Personal Shopper // Olivier Assayas

Maureen è una personal shopper in attesa di un segno dal fratello Lewis, morto per una disfunzione cardiaca congenita. La sua stravagante attività, che ondeggia sinuosa tra costosissimi abiti Chanel e gioielli Cartier, assomiglia più ad un hobby che a un lavoro vero e proprio e le consente di entrare in un mondo algido e fintamente fatato, lontano anni luce, almeno in apparenza, dalla sua androgina personalità. Ma oltre ad attendere, l’ambigua e carismatica Kristen Stewart (in perfetta simbiosi con il suo personaggio), sembra alla disperata ricerca di qualcosa, che continua a sfuggirle e a non comprendere.

Ed è un po’ quello che succede a noi spettatori, dopo la complessa e poco agevole visione di quest’opera firmata da Olivier Assayas. Attenzione, chi conosce il regista francese, non è nuovo alle sue sperimentazioni cinematografiche, ma per chi si avvicina la prima volta al suo enigmatico universo non sarà facile trovare il bandolo della matassa, ammesso che ne esista uno. Ecco perché non sorprendono le innumerevoli e più diverse reazioni suscitate nel pubblico e tra gli addetti ai lavori. Possiamo dire di tutto, ma qui siamo in presenza di un’opera che non può e non vuole lasciare indifferenti, ma sopratutto che obbliga a pensare. E scusate se è poco.

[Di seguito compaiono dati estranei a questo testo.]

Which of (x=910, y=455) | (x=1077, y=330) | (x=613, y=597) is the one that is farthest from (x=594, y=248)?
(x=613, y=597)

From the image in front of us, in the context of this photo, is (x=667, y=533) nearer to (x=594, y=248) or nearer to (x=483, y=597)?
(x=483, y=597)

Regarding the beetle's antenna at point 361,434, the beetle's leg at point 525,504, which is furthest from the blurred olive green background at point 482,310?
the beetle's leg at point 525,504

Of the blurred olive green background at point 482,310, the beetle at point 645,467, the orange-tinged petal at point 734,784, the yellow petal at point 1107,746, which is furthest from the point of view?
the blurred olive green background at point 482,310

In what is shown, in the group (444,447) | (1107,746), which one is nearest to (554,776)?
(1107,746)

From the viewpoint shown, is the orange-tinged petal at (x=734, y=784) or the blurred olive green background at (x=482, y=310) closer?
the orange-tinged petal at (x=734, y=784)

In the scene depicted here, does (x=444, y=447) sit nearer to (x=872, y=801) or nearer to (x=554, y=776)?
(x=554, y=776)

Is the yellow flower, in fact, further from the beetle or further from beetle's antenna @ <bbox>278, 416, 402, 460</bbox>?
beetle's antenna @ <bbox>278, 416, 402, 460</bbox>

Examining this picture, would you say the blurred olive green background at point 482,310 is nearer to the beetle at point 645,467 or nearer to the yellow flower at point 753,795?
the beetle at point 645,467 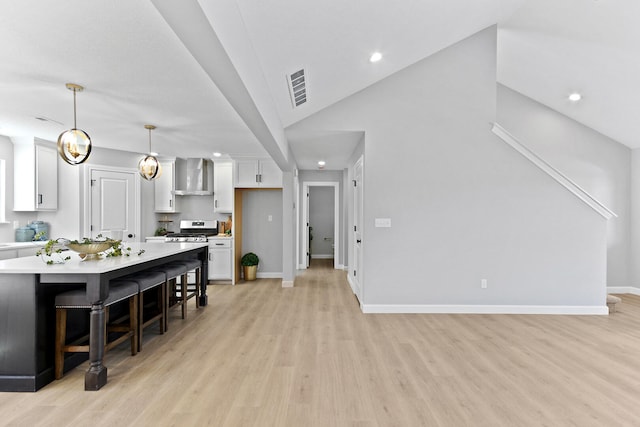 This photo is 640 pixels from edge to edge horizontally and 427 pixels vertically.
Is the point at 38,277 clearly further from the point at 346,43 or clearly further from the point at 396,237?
the point at 396,237

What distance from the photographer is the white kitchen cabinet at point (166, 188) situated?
6.43 meters

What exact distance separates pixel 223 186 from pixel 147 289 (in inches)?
131

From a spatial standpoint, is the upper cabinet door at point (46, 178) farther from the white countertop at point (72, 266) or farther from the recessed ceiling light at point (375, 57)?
the recessed ceiling light at point (375, 57)

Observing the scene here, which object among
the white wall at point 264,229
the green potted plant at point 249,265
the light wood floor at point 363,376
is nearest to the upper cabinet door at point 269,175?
the white wall at point 264,229

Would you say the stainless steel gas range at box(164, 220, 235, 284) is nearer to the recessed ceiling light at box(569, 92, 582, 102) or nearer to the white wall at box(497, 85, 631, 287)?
the white wall at box(497, 85, 631, 287)

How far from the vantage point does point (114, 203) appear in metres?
5.86

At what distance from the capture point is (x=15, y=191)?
486 cm

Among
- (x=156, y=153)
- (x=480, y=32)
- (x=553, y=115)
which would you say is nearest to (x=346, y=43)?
(x=480, y=32)

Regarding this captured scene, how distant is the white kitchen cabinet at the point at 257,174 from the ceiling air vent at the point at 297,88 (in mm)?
2474

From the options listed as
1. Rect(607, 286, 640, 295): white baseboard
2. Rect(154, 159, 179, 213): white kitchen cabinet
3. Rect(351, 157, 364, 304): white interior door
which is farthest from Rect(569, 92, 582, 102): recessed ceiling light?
Rect(154, 159, 179, 213): white kitchen cabinet

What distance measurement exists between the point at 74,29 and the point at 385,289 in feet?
13.2

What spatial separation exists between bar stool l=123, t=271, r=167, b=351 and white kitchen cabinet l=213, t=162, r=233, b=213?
106 inches

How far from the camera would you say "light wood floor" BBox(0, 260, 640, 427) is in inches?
84.4

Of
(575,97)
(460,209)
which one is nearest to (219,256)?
(460,209) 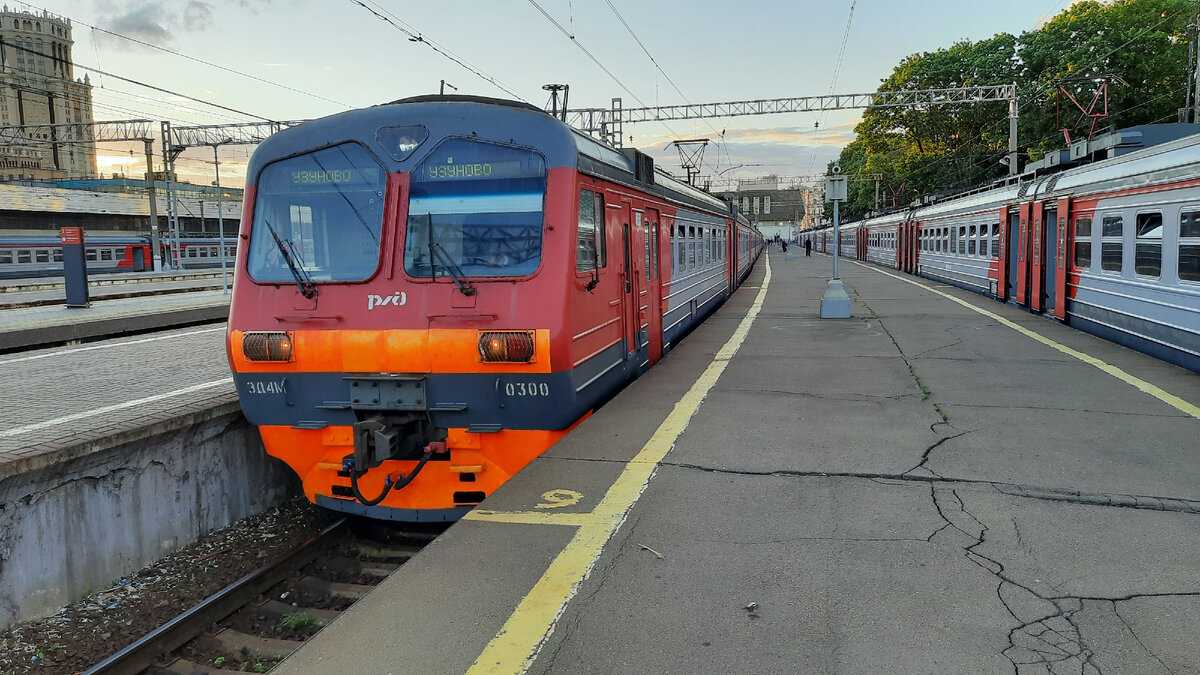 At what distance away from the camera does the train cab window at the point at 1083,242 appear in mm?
12750

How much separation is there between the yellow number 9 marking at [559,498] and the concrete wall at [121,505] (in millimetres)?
3714

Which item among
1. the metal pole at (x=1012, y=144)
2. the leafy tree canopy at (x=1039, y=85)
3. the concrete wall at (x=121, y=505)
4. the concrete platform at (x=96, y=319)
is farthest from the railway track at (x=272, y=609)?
the metal pole at (x=1012, y=144)

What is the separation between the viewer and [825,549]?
414 cm

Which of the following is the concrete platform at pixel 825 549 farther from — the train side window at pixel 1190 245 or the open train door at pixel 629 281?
the train side window at pixel 1190 245

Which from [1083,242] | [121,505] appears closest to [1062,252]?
[1083,242]

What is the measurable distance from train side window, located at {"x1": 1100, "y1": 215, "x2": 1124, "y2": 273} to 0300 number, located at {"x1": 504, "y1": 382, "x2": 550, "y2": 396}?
9.71 metres

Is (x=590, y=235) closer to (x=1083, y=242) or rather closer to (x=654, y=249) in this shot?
(x=654, y=249)

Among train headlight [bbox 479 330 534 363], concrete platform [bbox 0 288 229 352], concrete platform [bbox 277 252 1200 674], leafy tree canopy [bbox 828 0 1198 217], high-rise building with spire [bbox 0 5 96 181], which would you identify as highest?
high-rise building with spire [bbox 0 5 96 181]

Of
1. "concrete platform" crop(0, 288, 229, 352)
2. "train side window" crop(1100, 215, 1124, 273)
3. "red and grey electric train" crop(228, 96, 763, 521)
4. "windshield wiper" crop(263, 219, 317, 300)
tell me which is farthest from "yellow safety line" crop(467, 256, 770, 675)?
"concrete platform" crop(0, 288, 229, 352)

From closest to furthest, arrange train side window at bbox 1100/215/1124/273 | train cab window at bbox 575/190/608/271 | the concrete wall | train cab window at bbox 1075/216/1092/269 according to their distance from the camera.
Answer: the concrete wall, train cab window at bbox 575/190/608/271, train side window at bbox 1100/215/1124/273, train cab window at bbox 1075/216/1092/269

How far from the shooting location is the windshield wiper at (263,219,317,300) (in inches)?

Ad una prima analisi, la pellicola si presenta come una ghost story, dai riflessi horror che in qualche occasione sfocia senza compiacimento nello splatter. Ma questo è innegabile se ci limitiamo ad un discorso puramente estetico. Se invece ci addentriamo nel profondo della storia, ci accorgiamo come non è solo Maureen alla ricerca dell’identità perduta, ma noi con lei. E da qui ecco fiorire sentimenti contrastanti che caratterizzano il film. Se da un lato siamo affascinati dai tanti misteri e dalle mille risposte che Assayas sembra non voler concedere, dall’altro respingiamo questo senso di straniamento che non tarda ad impossessarsi di noi poveri comuni mortali. Questo inaspettato processo interiore, che si manifesta una volta usciti dalla sala, lascia spiazzati senza una spiegazione logica a cui aggrapparsi.

Cosa avrà voluto dire Assayas, con la sua storia apparentemente semplice e un po’ fuori dalle righe? Dove avrà voluto condurci? E l’emblematica domanda finale di Maureen, troverà mai una risposta? Tutto questo e molto altro è “Personal Shopper”, un film quasi impossibile da raccontare e che richiederebbe ore ed ore di analisi ed interpretazioni. Noi ci limitiamo a sostenerlo e raccomandarlo il più possibile, perché senza dubbio questo è il cinema che ci piace di più.